It is unusual to find three towers such as Colmslie, Glendearg and Langshaw built in such close proximity to one another. One might be tempted to say that they were built in such a position for mutual protection, except that a century or more separates the building of the one from the others. When we remember that they are built on the verges of three estates we are reminded of Sir William Borthwick’s explanation of why he built a tower at the edge of his estate: "We’ll breeze yont".
All the lands round about here were the property of the monks of Melrose until the Reformation. It would seem that when the shadow of the Reformation was threatening the tottering and corrupt church, the monks of Melrose were persuaded, either for a "consideration" or by pressure from above, that it would be advantageous for them to dispose of some of their lands to wealthy and powerful laymen, perhaps following the Scriptural injunction, "Make to yourselves friends of the mammon of unrighteousness."
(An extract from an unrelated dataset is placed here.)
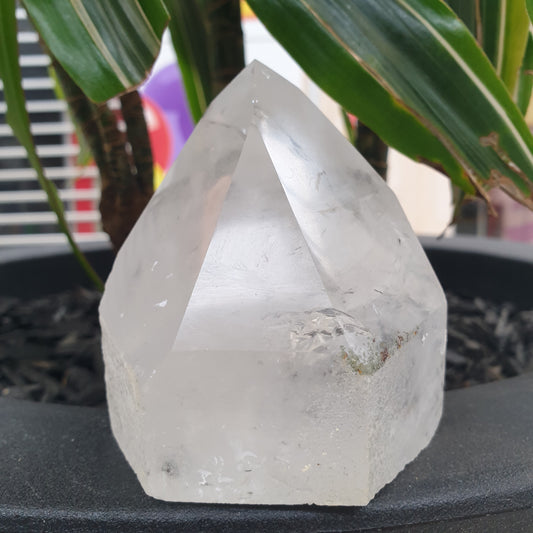 Clear Quartz Point Semi-Polished - Rivendell Shop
The family which was to become closely associated with this area was apparently not native to these parts. We first hear of a Cairncross of Colmslie in 1538. This William Cairncross of Colmslie seems to have been connected with the Cairncrosses of Balmashanner, in Angus. The first of that family was John, who obtained the lands of Balmashanner on 28th October 1371.
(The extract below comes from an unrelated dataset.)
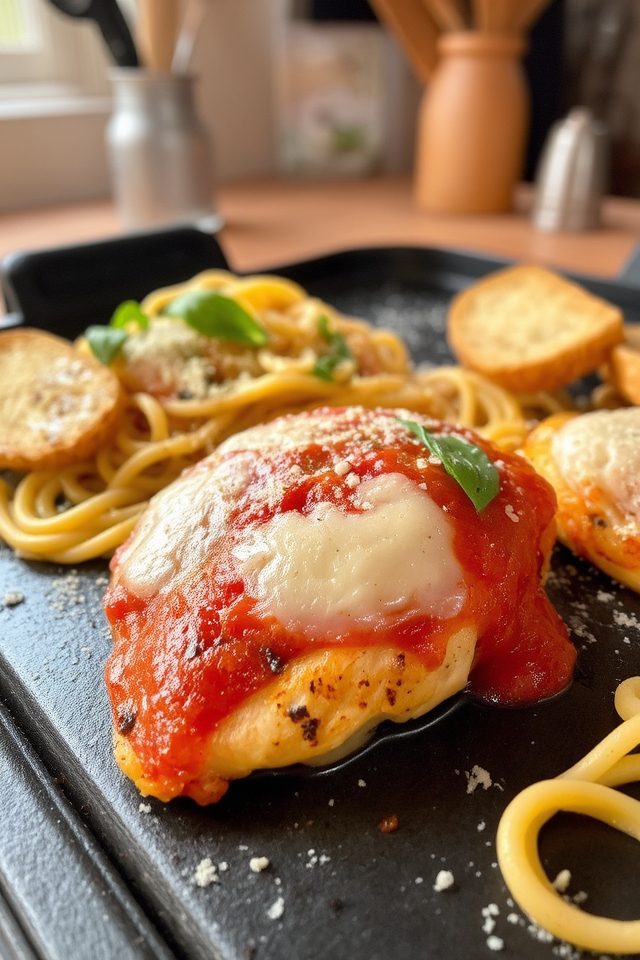blackstone chicken parmesan recipe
The history of the family goes even farther back, for there is a certain Leod who was Abbot of Brechin and a lay lord at the court of King David I, who reigned from 1124-1153. The Abbacy of Brechin appears to have been a family possession, for the next three Abbots, Dovenald, Malise and John, appear as witnesses to Charters at various dates until 1219. John’s son Morgund does not succeed as Abbot of Brechin, but his son, Michael was the first to obtain the Cairncross lands in 1230, and it may be presumed that he would be the first to bear the surname Cairncross or Carnea Crux, meaning "a cairn surmounted by a cross." The line continues for many generations until we come to William of Colmslie (c. 1475-1555).
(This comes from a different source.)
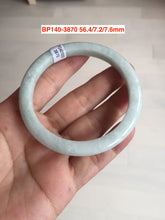Load image into Gallery viewer, 52-63mm certified Type A 100% Natural dark green/white/black Jadeite Jade bangle group with defects GL1
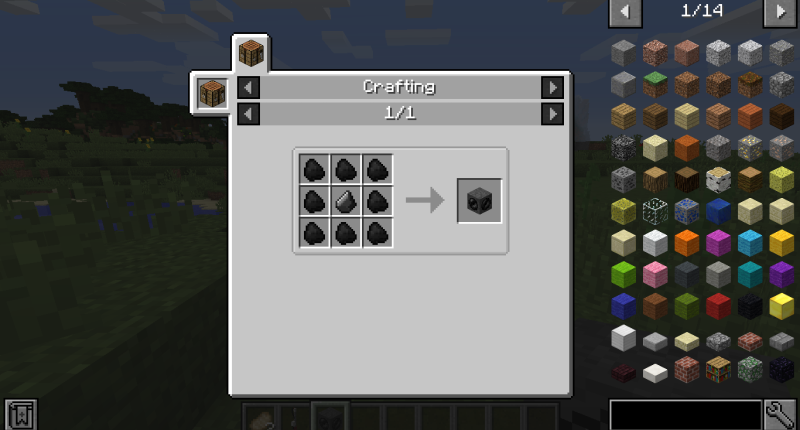 Crafting the Gravel Converter Crafting the Gravel Converter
William was fortunate in having a brother, Robert Cairncross, who was a priest in the diocese of Melrose and held in succession the offices of the Provost of the Church of Corstophine, Abbot of Holyrood, Bishop of Ross and Abbot of Ferne, and was twice Lord High Treasurer of Scotland. Robert was evidently an astute ecclesiastic who arranged that his advancement in the church should be swift.
On 6 November, 1528 he was admitted a Canon Regular of Holyrood; five weeks later he was Abbot. He was elected Bishop of Ross on 14th April 1539, and on giving up the Abbacy of Holyrood he agreed to accept a pension from Holyrood of 500 marks Scots.
In 1529 and 1537 he was Treasurer to the King. In 1540-1 he was one of the Commissioners who held Parliament. He was admitted Abbot of Ferne in 1541, and in 1545 Queen Mary petitioned the Pope that Robert might be allowed to resign Ferne and that the Pope would admit thereto James Carnecors, Clerk of Glasgow, Robert, however, being allowed to retain the revenues. He died on 30th November 1545, and was buried in his Cathedral.
James Grant in "Old and New Edinburgh" states that "Robert Cairncross, one meanly descended, but a wealthy man, bought that preferment (i.e. the Abbacy of Holyrood) of the King, who then wanted money, eluding the law by a kind of fraud. The law was that ecclesiastical preferment’s should not be sold; but he laid a great wager with the King that he would not bestow the next preferment of that kind which fell vacant upon him, and by that means lost the wager but got the Abbacy." When Robert made his wager he knew that the reigning Abbot was dying.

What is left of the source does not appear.